* **Work task**: I'd like the entries repeated exactly, without their pictures.

BEGIN Source records

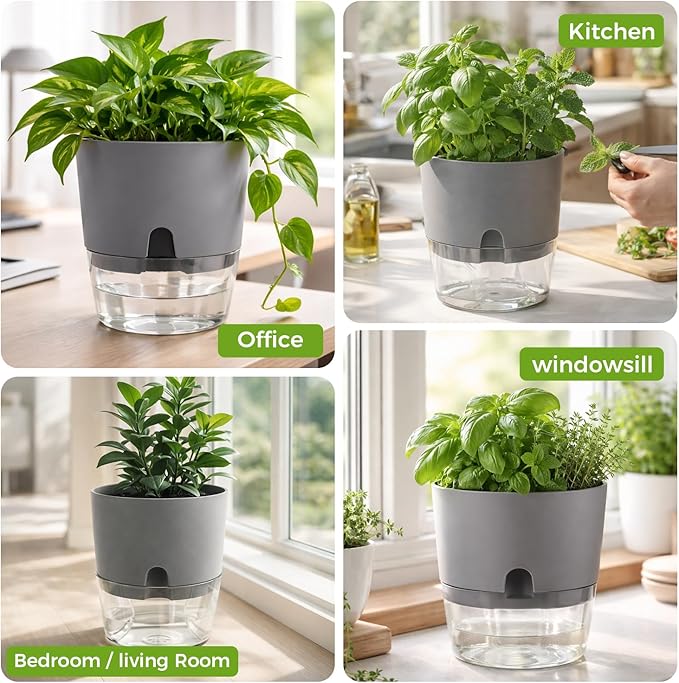 Planterhoma 5 Pack Self Watering Pots for Indoor Plants, 9 Inch Plant Pot Plastic Self Watering Planter for Orchid, Monstera, Lily, Large Clear Flower Pots with Drainage Holes and Wicking Rope, Gray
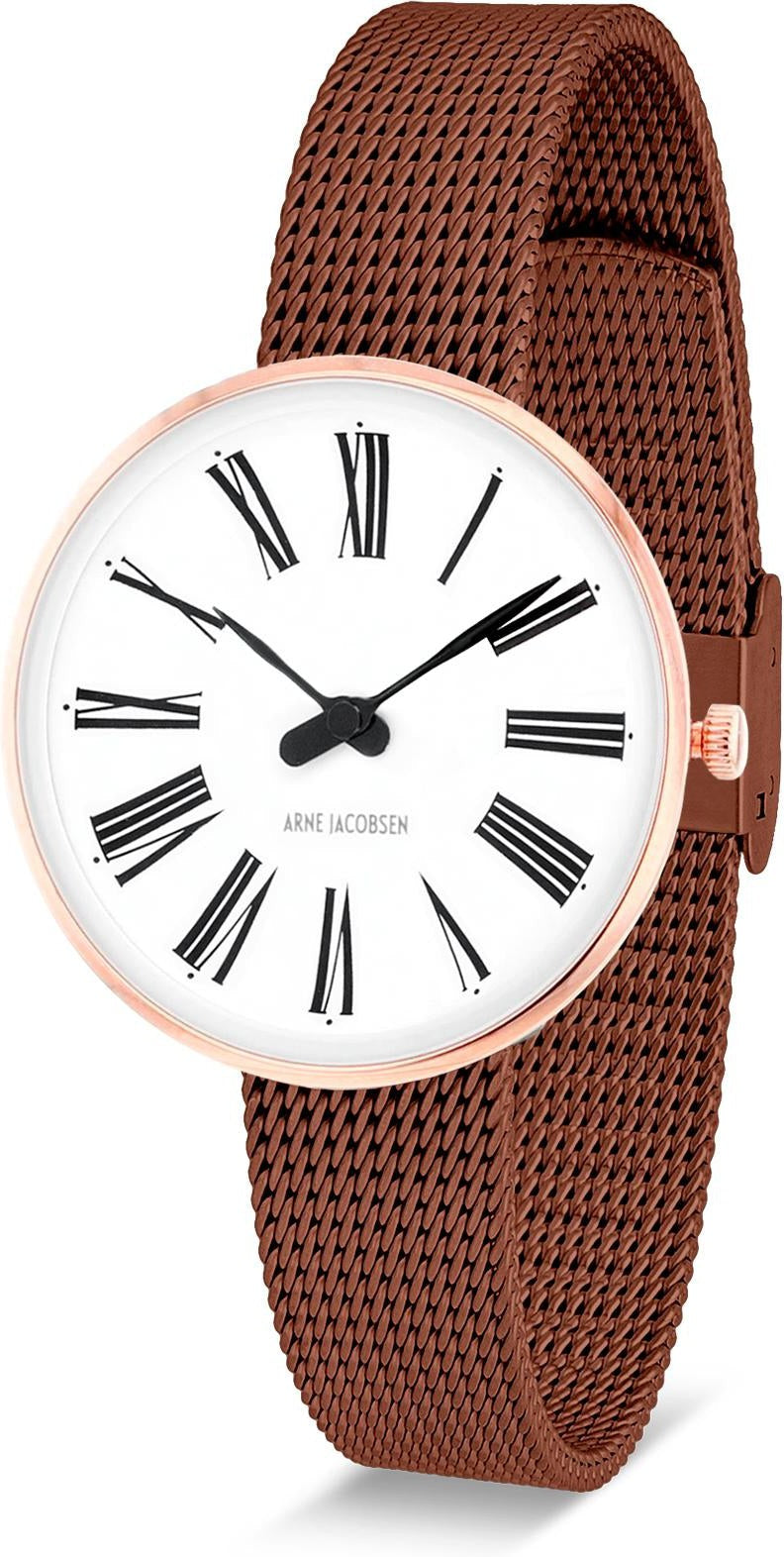 Arne Jacobsen Roman Wristwatch Ø30, Rosé/ malla de cobre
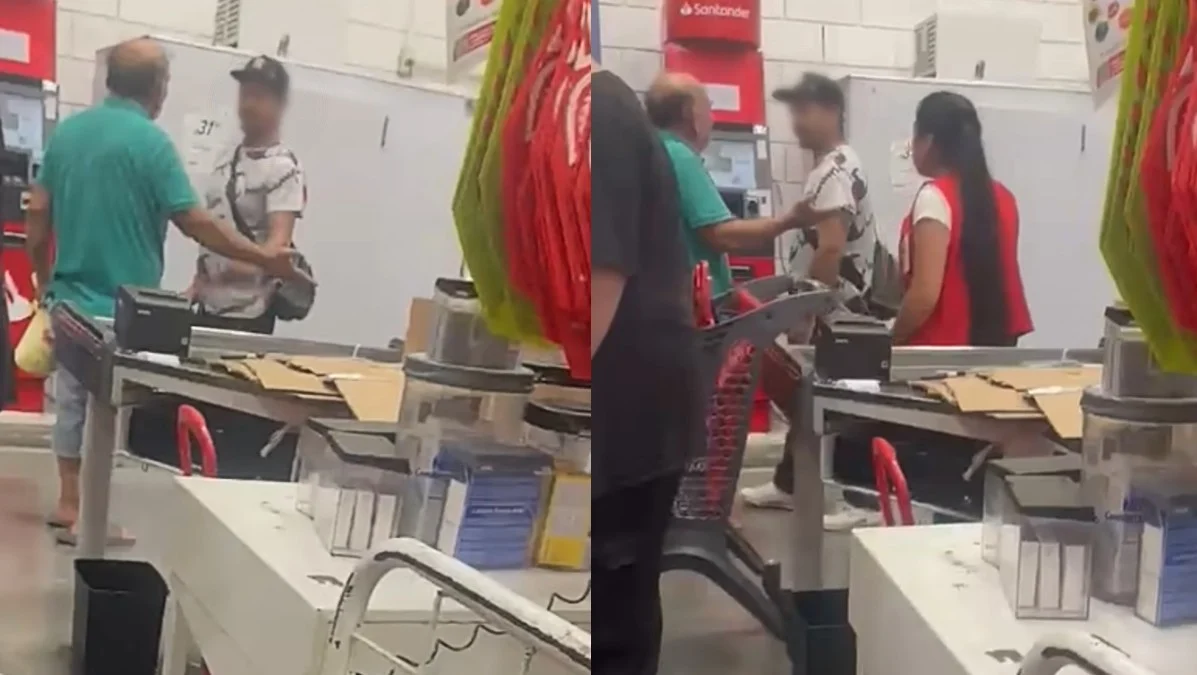 Hombre confronta a un adulto mayor dentro de un supermercado de Montemorelos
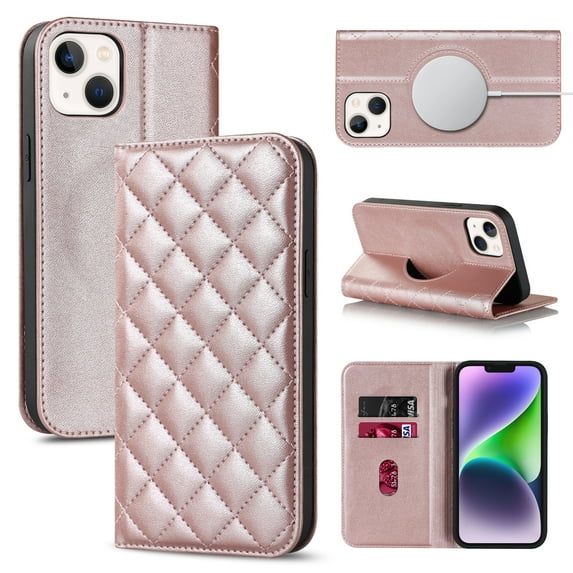 Allytech Case for iPhone 14 Plus Compatible with MagSafe Wireless Charging, Shockproof Full Protective Flip Folio Wallet Case with RFID Blocking Card Slots PU Leather Stand Magnetic Cover, Rosegold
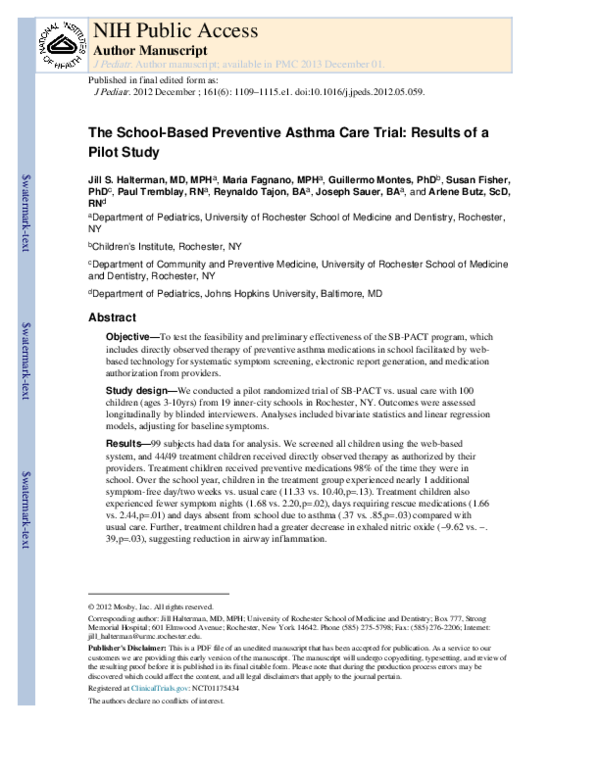 (PDF) The School-Based Preventive Asthma Care Trial: Results of a Pilot ...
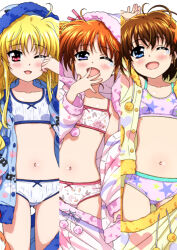  3girls absurdres ahoge blonde_hair blue_eyes blush bra brown_hair highres lyrical_nanoha mahou_shoujo_lyrical_nanoha miyajima_hitoshi multiple_girls navel one_eye_closed open_mouth panties red_eyes star_(symbol) underwear 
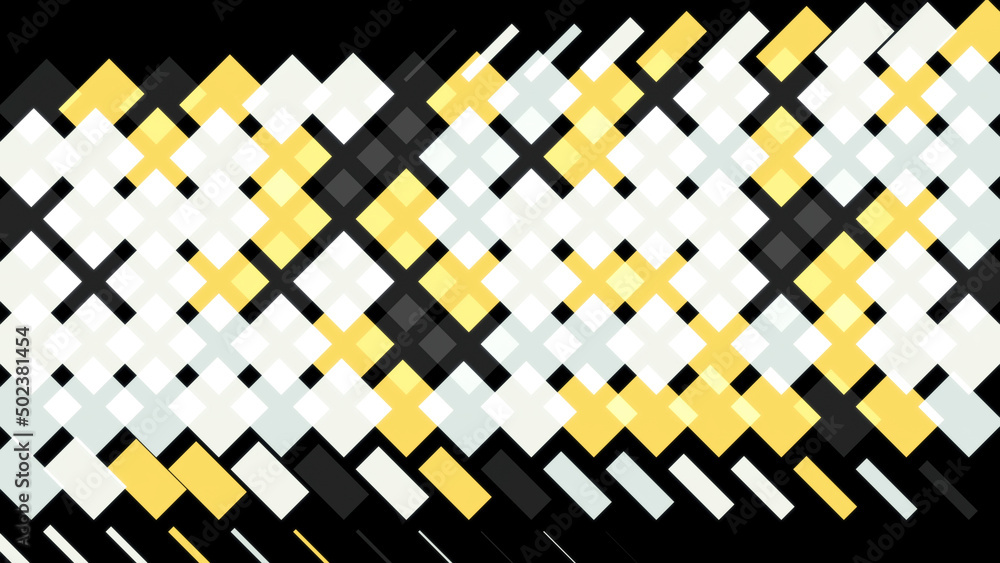 Poster abstract animation of multicolored geometric patterns appearing and disappearing one by one on the b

END Source records

* **Problem solution**:
 Planterhoma 5 Pack Self Watering Pots for Indoor Plants, 9 Inch Plant Pot Plastic Self Watering Planter for Orchid, Monstera, Lily, Large Clear Flower Pots with Drainage Holes and Wicking Rope, Gray
 Arne Jacobsen Roman Wristwatch Ø30, Rosé/ malla de cobre
 Hombre confronta a un adulto mayor dentro de un supermercado de Montemorelos
 Allytech Case for iPhone 14 Plus Compatible with MagSafe Wireless Charging, Shockproof Full Protective Flip Folio Wallet Case with RFID Blocking Card Slots PU Leather Stand Magnetic Cover, Rosegold
 (PDF) The School-Based Preventive Asthma Care Trial: Results of a Pilot ...
  3girls absurdres ahoge blonde_hair blue_eyes blush bra brown_hair highres lyrical_nanoha mahou_shoujo_lyrical_nanoha miyajima_hitoshi multiple_girls navel one_eye_closed open_mouth panties red_eyes star_(symbol) underwear 
 Poster abstract animation of multicolored geometric patterns appearing and disappearing one by one on the b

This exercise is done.